The terrorist who attacked two people on a busy London street was released from prison despite reportedly telling a fellow inmate that he wanted to murder an MP.
Sudesh Amman was shot dead by police around a minute after launching an attack on two bystanders in Streatham High Road, south London, on Sunday. A third person was injured by flying glass during the gunfire.
Police said he began stabbing the victims about 60 seconds after entering a shop, where he stole a knife and removed the packaging as he ran from a staff member.
The 20-year-old, who was jailed for possessing and distributing terrorist documents in December 2018, was freed from prison less than a fortnight ago and had been staying at a bail hostel in nearby Leigham Court Road.
The man said Amman wanted to copy the murder of MP Jo Cox and told him “the only way to get these filthy kafirs (non-believers) out of Syria is to take out MPs like that white guy did with the lady in 2016,” The Times reported.
The former inmate told the newspaper that Amman “wanted to do something real, something organised like the (IRA) used to do”.
The Metropolitan Police said he was released from prison on January 23 2020.
Meanwhile, analysis by foreign policy think tank, the Henry Jackson Society, suggests that more than 10 terrorists are due to be released from prison in 2020.

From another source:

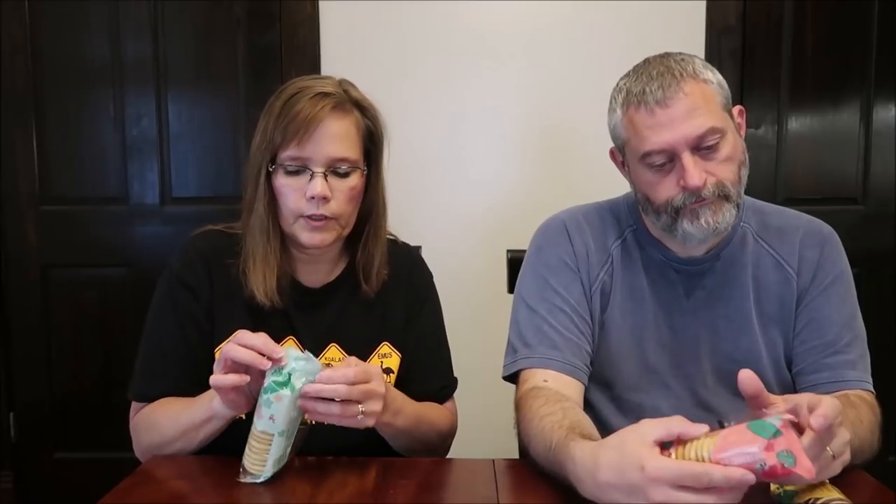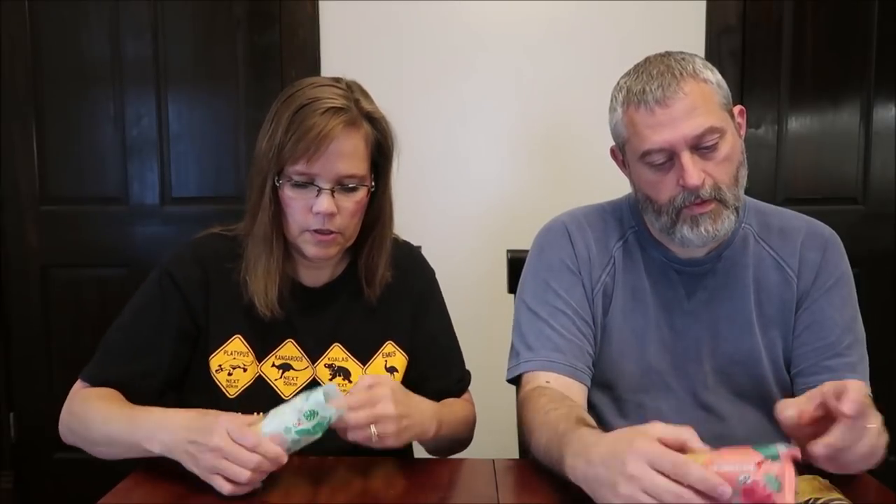I figured we'd try the Rainbow Sherbet first. They're sandwich cookies with cream filling. It says four servings are in the container. Two cookies is 110 calories — they're all 110.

On Monday, Justice Secretary Robert Buckland said emergency legislation is needed to make sure terrorists are not released automatically from prison half way through their sentence.
Mr Buckland said offenders will not be considered for release until they have served two-thirds of their sentence and that no terrorists will be released before the end of their full custodial term unless the Parole Board agrees.

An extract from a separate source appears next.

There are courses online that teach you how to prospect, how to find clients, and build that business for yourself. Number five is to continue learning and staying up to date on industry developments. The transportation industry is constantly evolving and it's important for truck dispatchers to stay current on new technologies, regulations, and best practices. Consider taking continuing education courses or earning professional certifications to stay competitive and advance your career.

The Parole Board would be “strengthened” to deal more effectively with the risks that terrorists pose and steps would be taken to introduce the plans “as soon as possible”, he said.
Legal experts raised concerns about plans to apply the new rules to prisoners who have already been sentenced, with former independent reviewer of terrorism legislation Lord Carlile telling BBC2’s Newsnight: “I think it may have gone too far.
“The decision to lengthen the sentences of people who have already been sentenced, and therefore expected to be serving half the sentence the judge imposed upon them, may be in breach of the law.
“It is certainly going to be challenged.”
Scotland Yard said armed officers were following Amman on foot as part of a “proactive counter-terrorism surveillance operation” when the incident took place.
The three victims were taken by ambulance to south London hospitals.
One man, in his 40s, is in a serious but stable condition, police said.
A woman in her 50s, a teacher at a nearby school, had non-life threatening injuries and has been discharged from hospital.
Police said a second woman, in her 20s, who suffered minor injuries believed to have been caused by glass following the discharge of a police firearm, has also left hospital.
Investigations continue with officers also searching two addresses in south London and Bishop’s Stortford, Hertfordshire.